Source material:

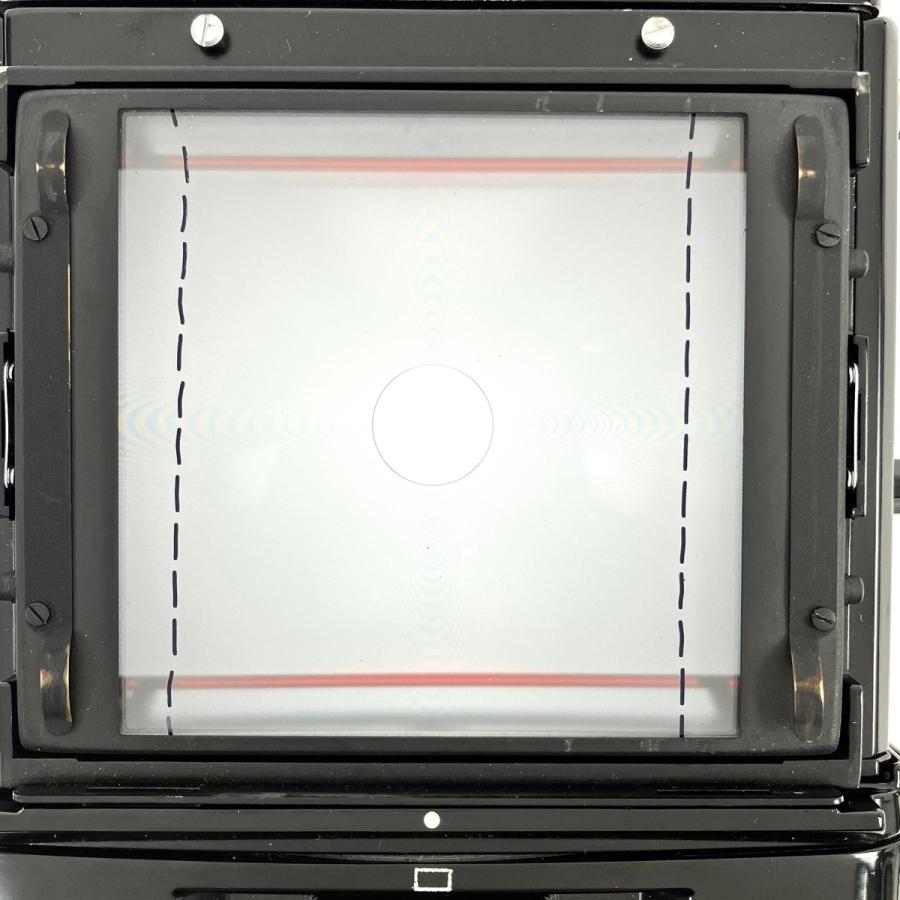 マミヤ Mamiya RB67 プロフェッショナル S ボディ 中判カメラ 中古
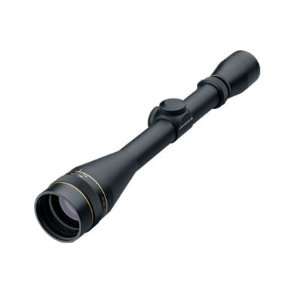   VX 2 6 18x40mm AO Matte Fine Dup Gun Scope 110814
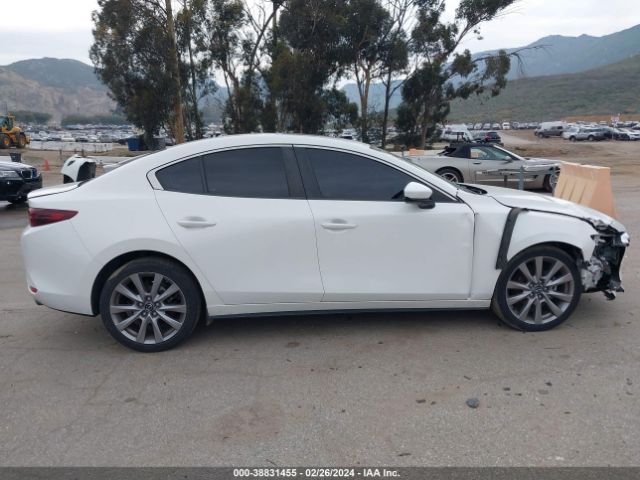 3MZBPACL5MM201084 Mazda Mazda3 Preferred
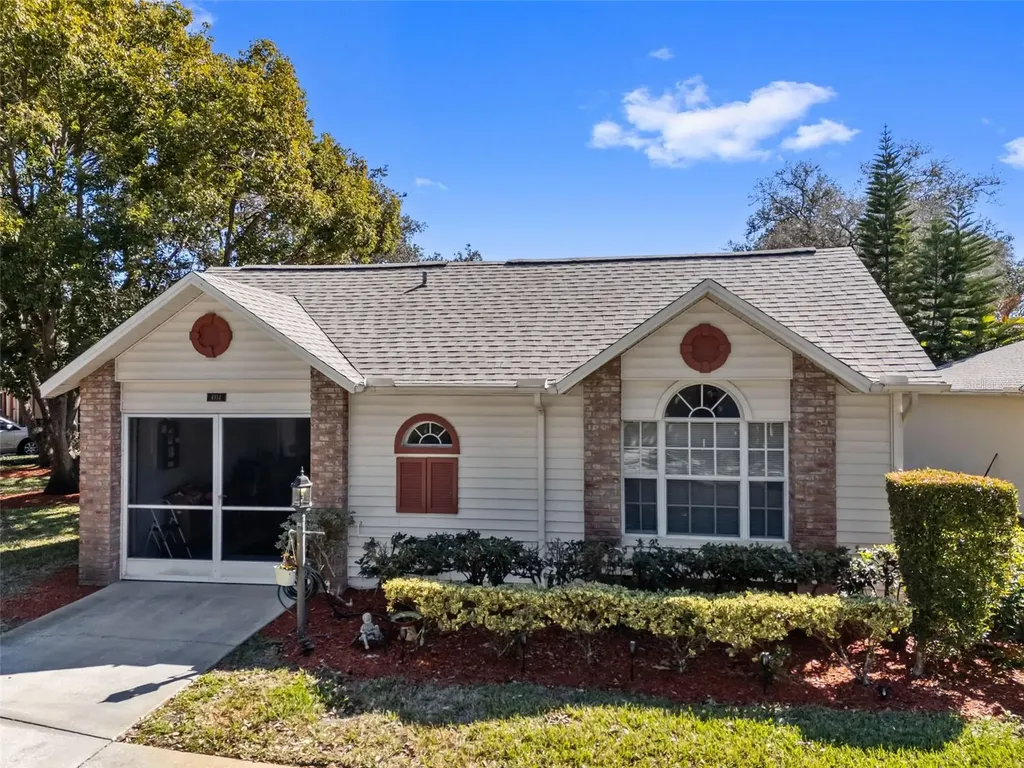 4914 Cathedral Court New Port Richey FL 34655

==

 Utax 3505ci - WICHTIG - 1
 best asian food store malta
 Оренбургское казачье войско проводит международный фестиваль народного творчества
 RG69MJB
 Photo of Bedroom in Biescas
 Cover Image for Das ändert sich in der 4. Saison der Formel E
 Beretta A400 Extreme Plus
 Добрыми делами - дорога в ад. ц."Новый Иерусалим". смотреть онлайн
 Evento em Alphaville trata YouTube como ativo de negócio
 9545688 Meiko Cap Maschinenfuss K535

---

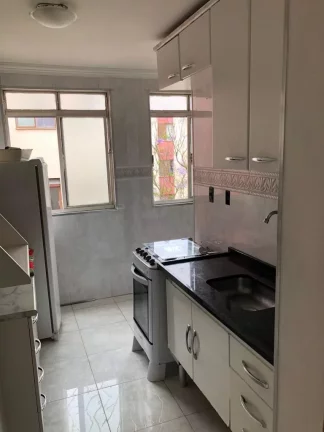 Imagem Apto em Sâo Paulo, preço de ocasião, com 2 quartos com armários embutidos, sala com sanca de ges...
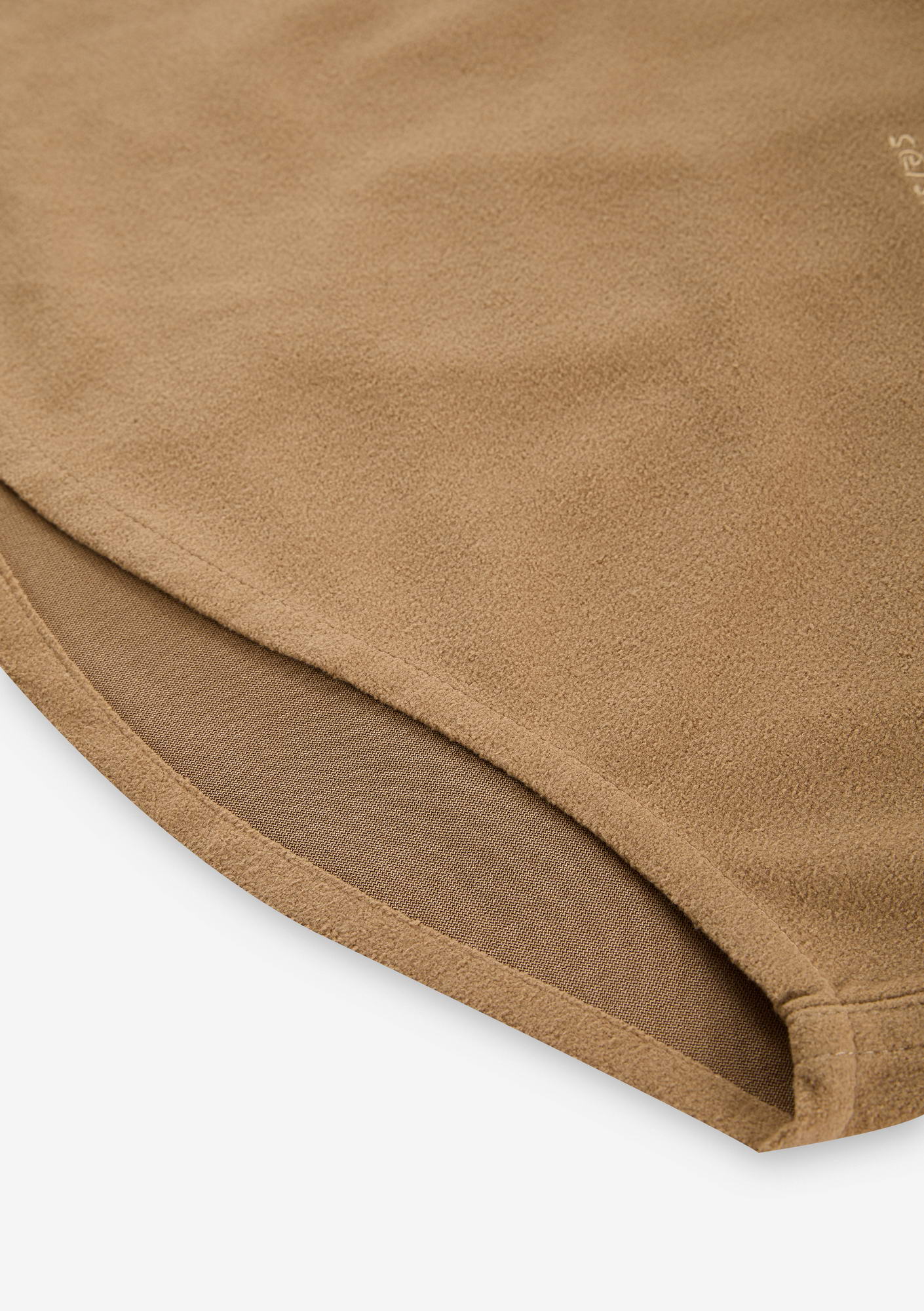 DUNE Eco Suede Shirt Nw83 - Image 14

Task prompt:
Transcribe exactly the lines above, beginning at the one with "Imagem Apto em" and going up to and including the one with "DUNE Eco Suede Shirt Nw83 - Image 14". Pictures do not belong in the copy.

Solution to the exercise:
 Imagem Apto em Sâo Paulo, preço de ocasião, com 2 quartos com armários embutidos, sala com sanca de ges...
 DUNE Eco Suede Shirt Nw83 - Image 14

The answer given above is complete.